▸ **WORK ITEM**: The entries below are to be transcribed in full, without their images.

──────────

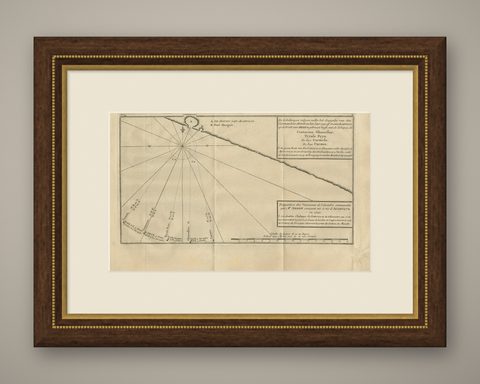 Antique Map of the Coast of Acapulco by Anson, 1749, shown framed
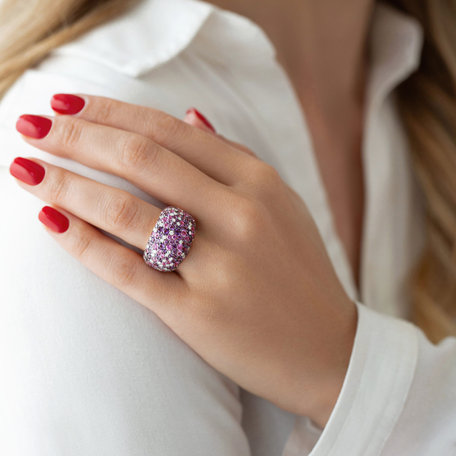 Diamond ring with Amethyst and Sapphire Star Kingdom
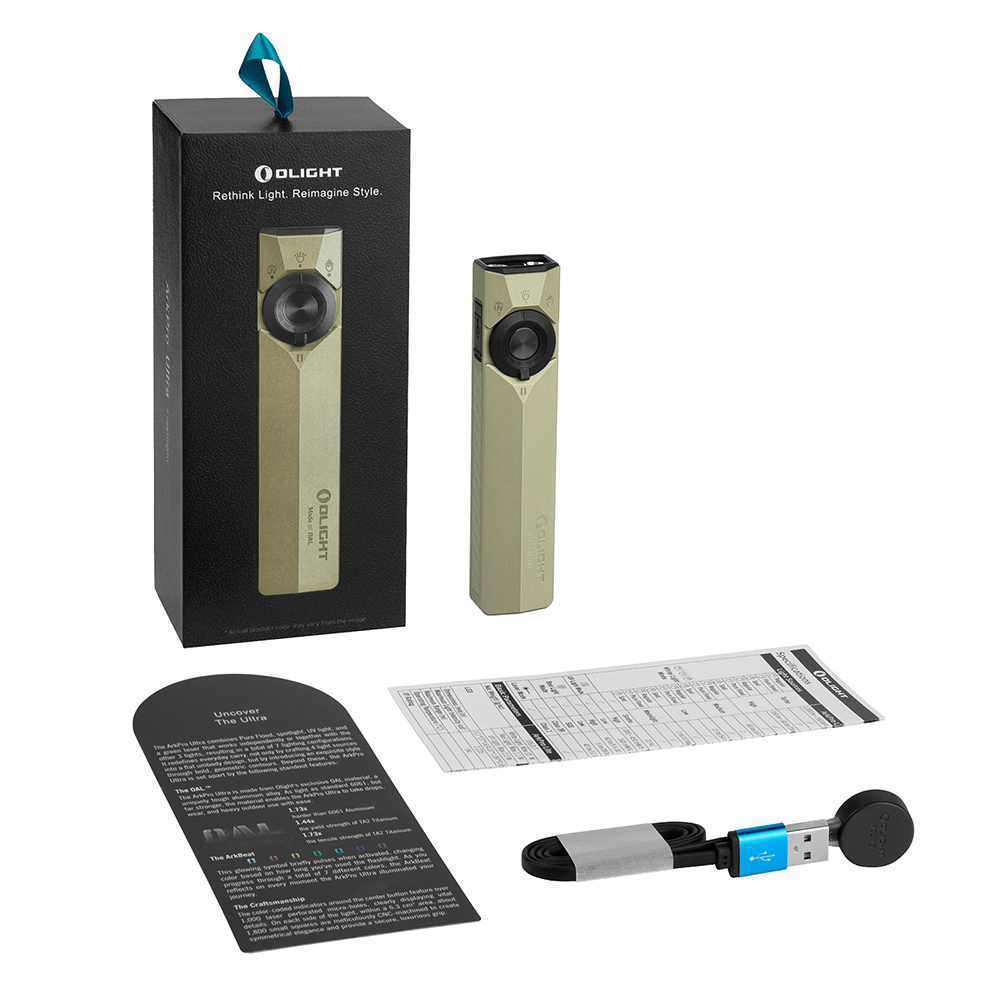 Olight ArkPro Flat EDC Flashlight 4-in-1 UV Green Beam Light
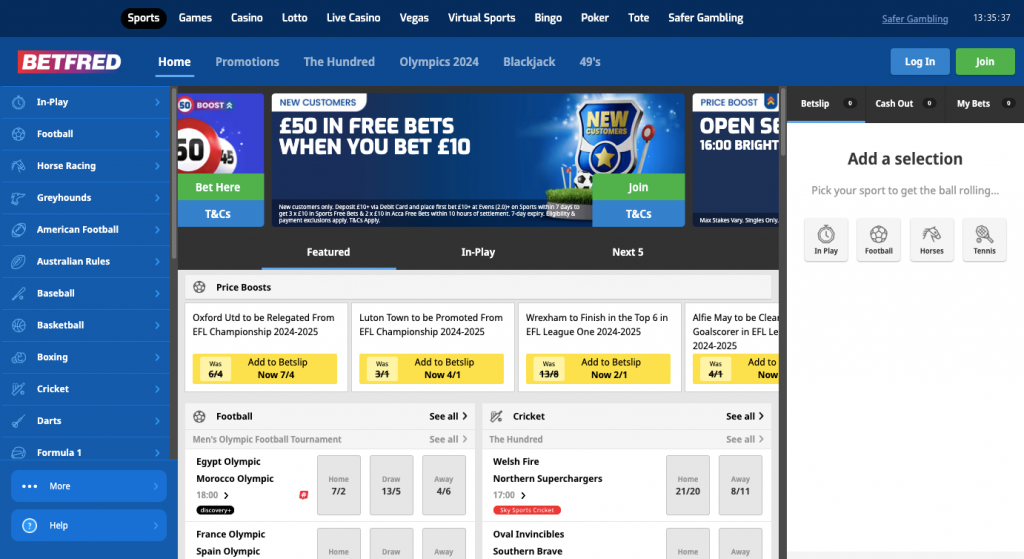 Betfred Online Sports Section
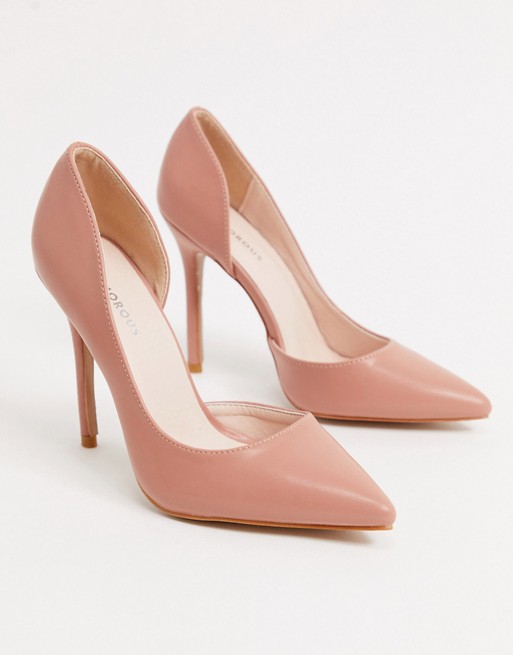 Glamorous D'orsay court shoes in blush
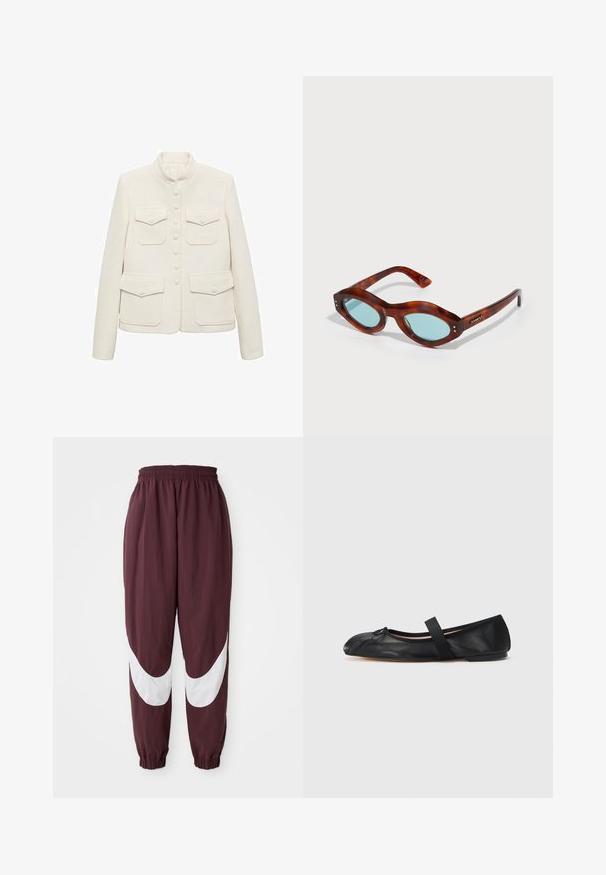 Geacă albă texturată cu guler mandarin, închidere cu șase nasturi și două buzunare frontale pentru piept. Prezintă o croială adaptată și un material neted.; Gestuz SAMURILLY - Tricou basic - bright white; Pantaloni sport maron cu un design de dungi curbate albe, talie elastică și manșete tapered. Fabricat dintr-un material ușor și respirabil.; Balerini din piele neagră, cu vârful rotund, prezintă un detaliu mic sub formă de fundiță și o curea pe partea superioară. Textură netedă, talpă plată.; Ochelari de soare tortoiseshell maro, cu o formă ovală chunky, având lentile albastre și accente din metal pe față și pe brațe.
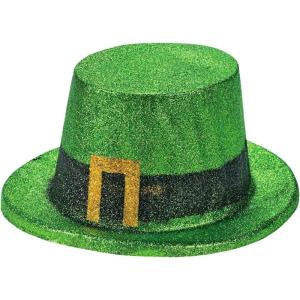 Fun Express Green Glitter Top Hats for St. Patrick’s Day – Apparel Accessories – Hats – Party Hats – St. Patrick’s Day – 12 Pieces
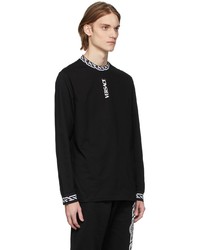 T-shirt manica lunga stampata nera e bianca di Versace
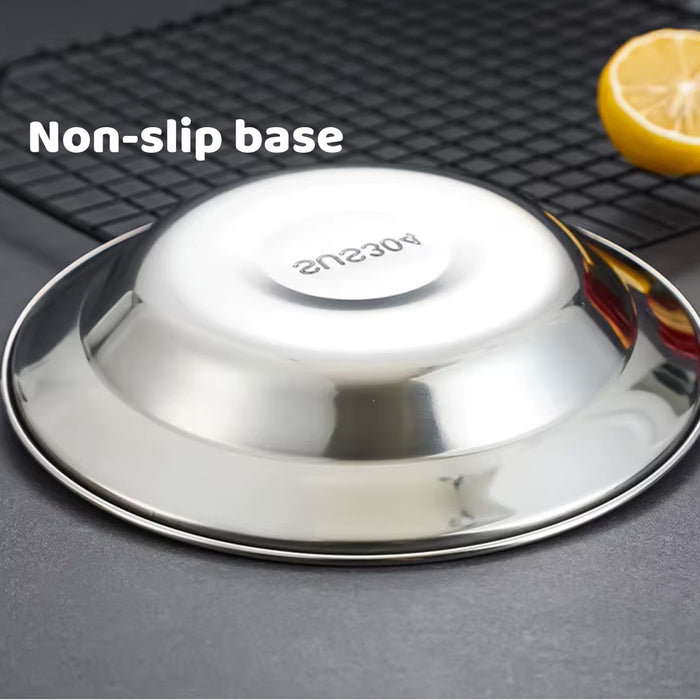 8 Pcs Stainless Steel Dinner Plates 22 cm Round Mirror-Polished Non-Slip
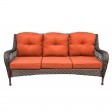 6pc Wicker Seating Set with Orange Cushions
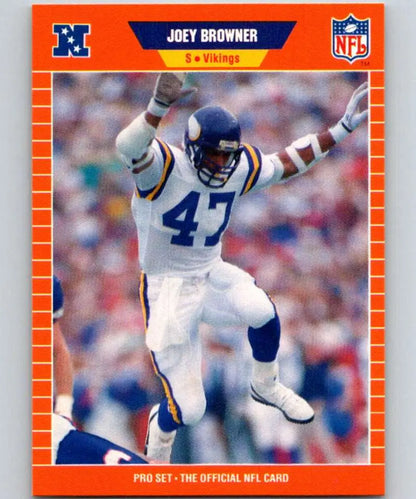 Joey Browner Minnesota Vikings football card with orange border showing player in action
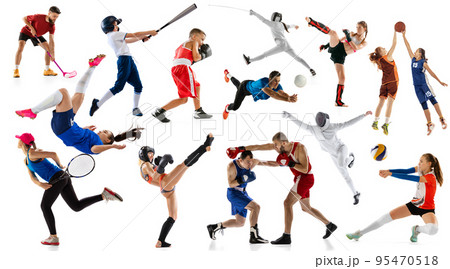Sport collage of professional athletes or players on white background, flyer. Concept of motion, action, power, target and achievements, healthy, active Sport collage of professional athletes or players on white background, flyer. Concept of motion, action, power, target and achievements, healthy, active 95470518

──────────

▸ **RESULT**:
 Antique Map of the Coast of Acapulco by Anson, 1749, shown framed
 Diamond ring with Amethyst and Sapphire Star Kingdom
 Olight ArkPro Flat EDC Flashlight 4-in-1 UV Green Beam Light
 Betfred Online Sports Section
 Glamorous D'orsay court shoes in blush
 Geacă albă texturată cu guler mandarin, închidere cu șase nasturi și două buzunare frontale pentru piept. Prezintă o croială adaptată și un material neted.; Gestuz SAMURILLY - Tricou basic - bright white; Pantaloni sport maron cu un design de dungi curbate albe, talie elastică și manșete tapered. Fabricat dintr-un material ușor și respirabil.; Balerini din piele neagră, cu vârful rotund, prezintă un detaliu mic sub formă de fundiță și o curea pe partea superioară. Textură netedă, talpă plată.; Ochelari de soare tortoiseshell maro, cu o formă ovală chunky, având lentile albastre și accente din metal pe față și pe brațe.
 Fun Express Green Glitter Top Hats for St. Patrick’s Day – Apparel Accessories – Hats – Party Hats – St. Patrick’s Day – 12 Pieces
 T-shirt manica lunga stampata nera e bianca di Versace
 8 Pcs Stainless Steel Dinner Plates 22 cm Round Mirror-Polished Non-Slip
 6pc Wicker Seating Set with Orange Cushions
 Joey Browner Minnesota Vikings football card with orange border showing player in action
Sport collage of professional athletes or players on white background, flyer. Concept of motion, action, power, target and achievements, healthy, active Sport collage of professional athletes or players on white background, flyer. Concept of motion, action, power, target and achievements, healthy, active 95470518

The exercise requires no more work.